Information supplied:
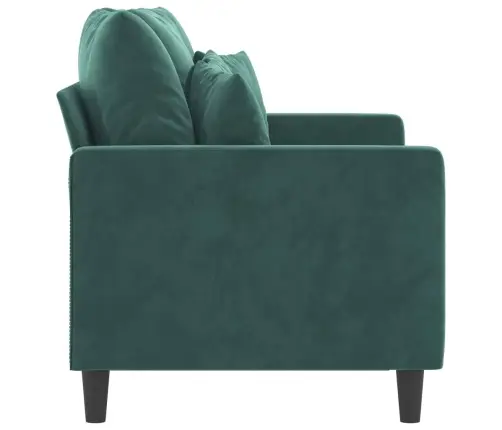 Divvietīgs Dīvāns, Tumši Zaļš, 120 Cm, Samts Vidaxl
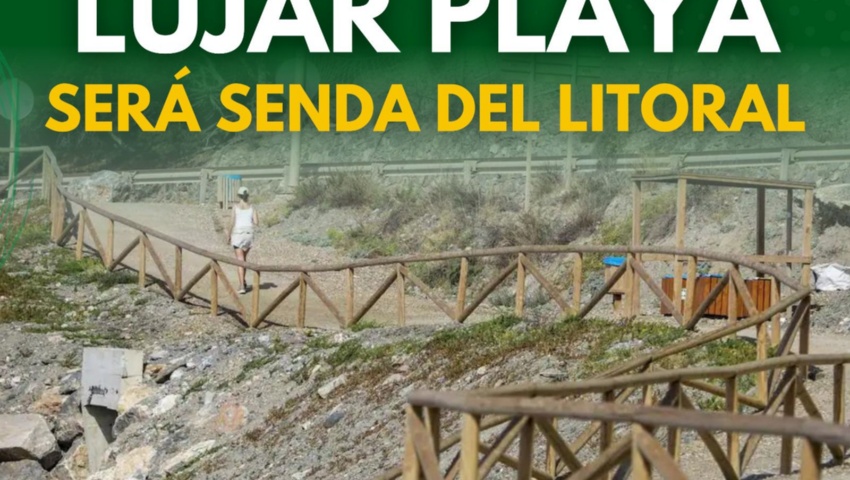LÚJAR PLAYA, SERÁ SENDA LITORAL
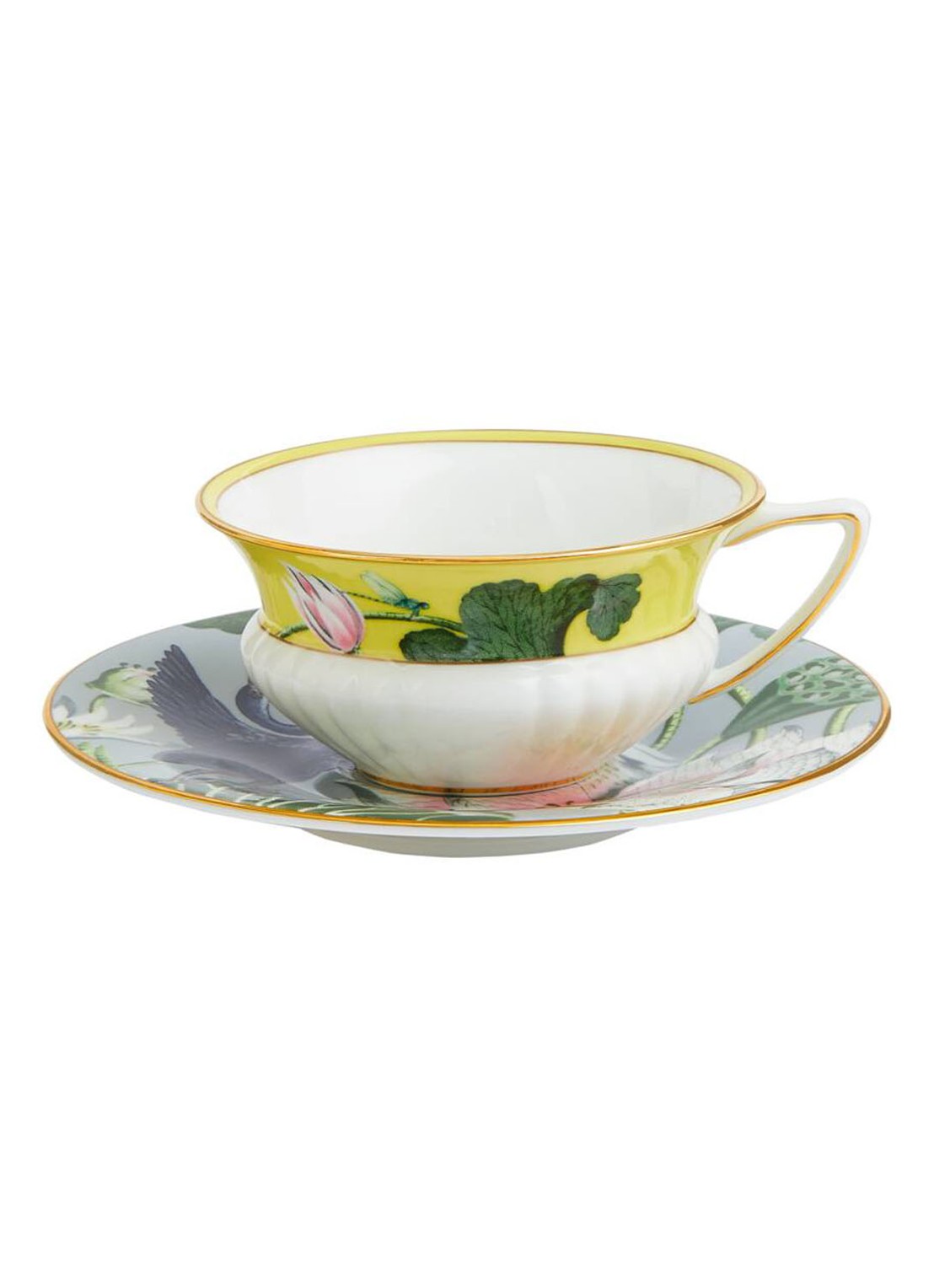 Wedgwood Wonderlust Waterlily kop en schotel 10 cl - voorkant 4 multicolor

Brief: Return the material in full, word for word, and skip the pictures.

Expected answer:
 Divvietīgs Dīvāns, Tumši Zaļš, 120 Cm, Samts Vidaxl
LÚJAR PLAYA, SERÁ SENDA LITORAL
 Wedgwood Wonderlust Waterlily kop en schotel 10 cl - voorkant 4 multicolor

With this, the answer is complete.